» **About this exercise**: Reproduce the data below in full and exclude every picture.

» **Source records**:
Segment Open
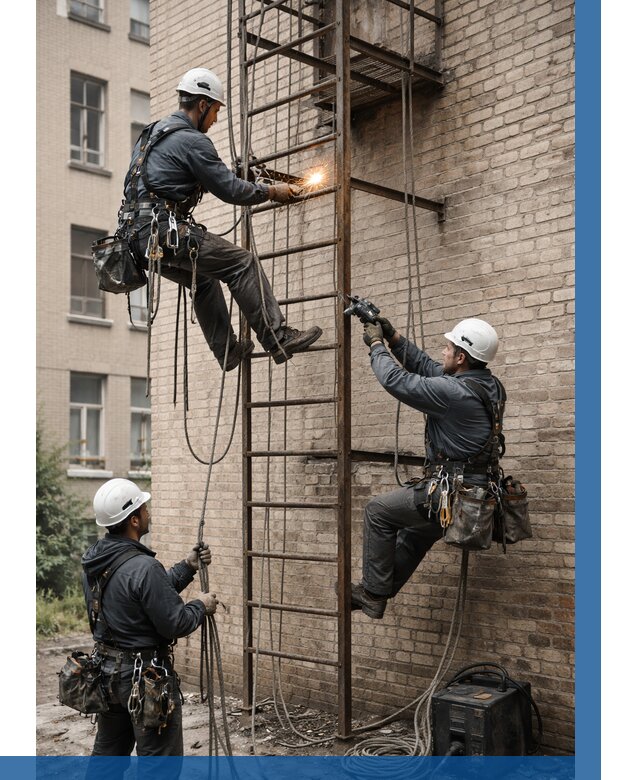 Ремонт пожарной лестницы в Новомосковске от 7744 р. | ВЫСОТНИК-Нвм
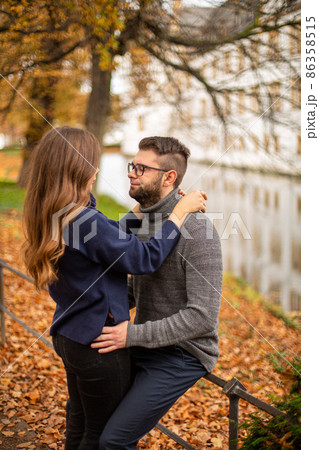 White young european couple in park 86358515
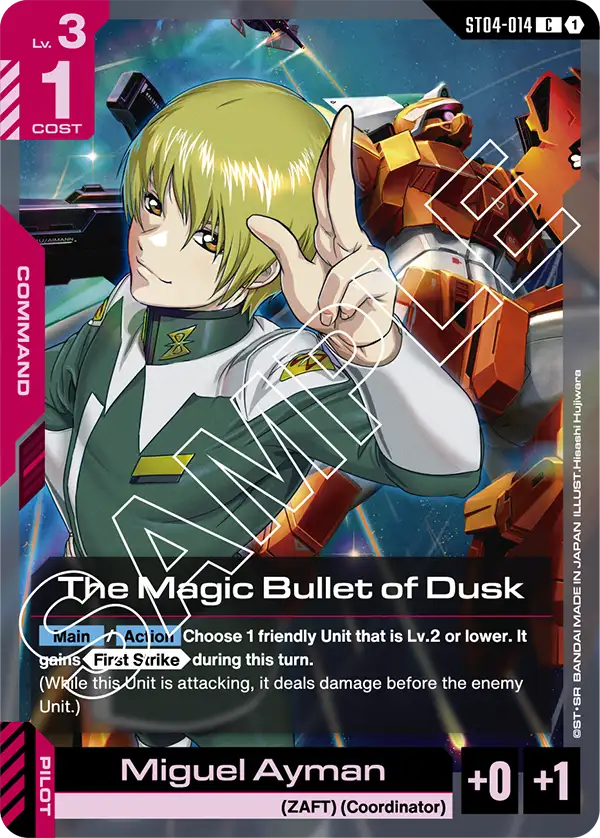 The Magic Bullet of Dusk Gundam Card Game card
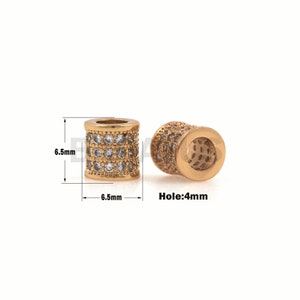 1PCS Micro-Pave Barrel Spacer Beads, Large Hole Beads, CZ Spacer Beads, Round Barrel Spacer Beads 6.5×6.5mm Hole 4mm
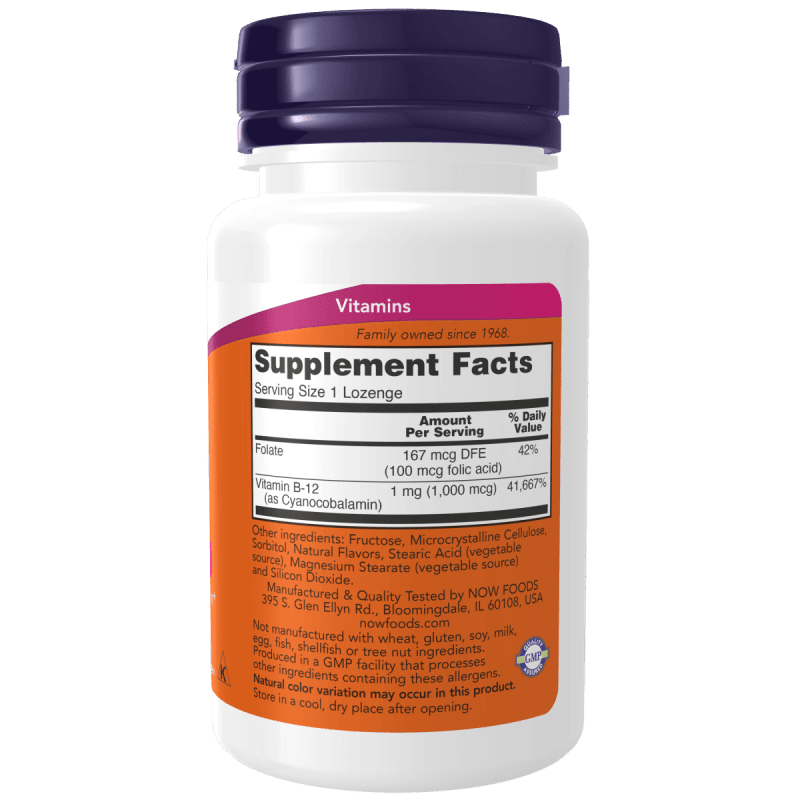 NOW SUPLEMENTOS Now Foods, Vitamina B-12 Sistema Nervioso 1,000 mcg (100 pastillass)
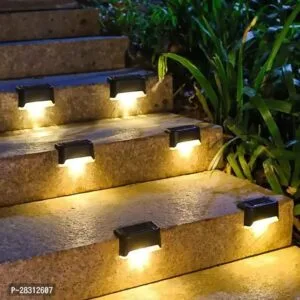 4 Solar Lights Outdoor Solar Deck Lights Waterproof Solar Fence Lights LED Stair Lights for Stair Fence Deck Patio Post Railing Pool Pathway, Warm White Pack of 4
Segment Closed
» **Task response**:
 Ремонт пожарной лестницы в Новомосковске от 7744 р. | ВЫСОТНИК-Нвм
 White young european couple in park 86358515
 The Magic Bullet of Dusk Gundam Card Game card
 1PCS Micro-Pave Barrel Spacer Beads, Large Hole Beads, CZ Spacer Beads, Round Barrel Spacer Beads 6.5×6.5mm Hole 4mm
 NOW SUPLEMENTOS Now Foods, Vitamina B-12 Sistema Nervioso 1,000 mcg (100 pastillass)
 4 Solar Lights Outdoor Solar Deck Lights Waterproof Solar Fence Lights LED Stair Lights for Stair Fence Deck Patio Post Railing Pool Pathway, Warm White Pack of 4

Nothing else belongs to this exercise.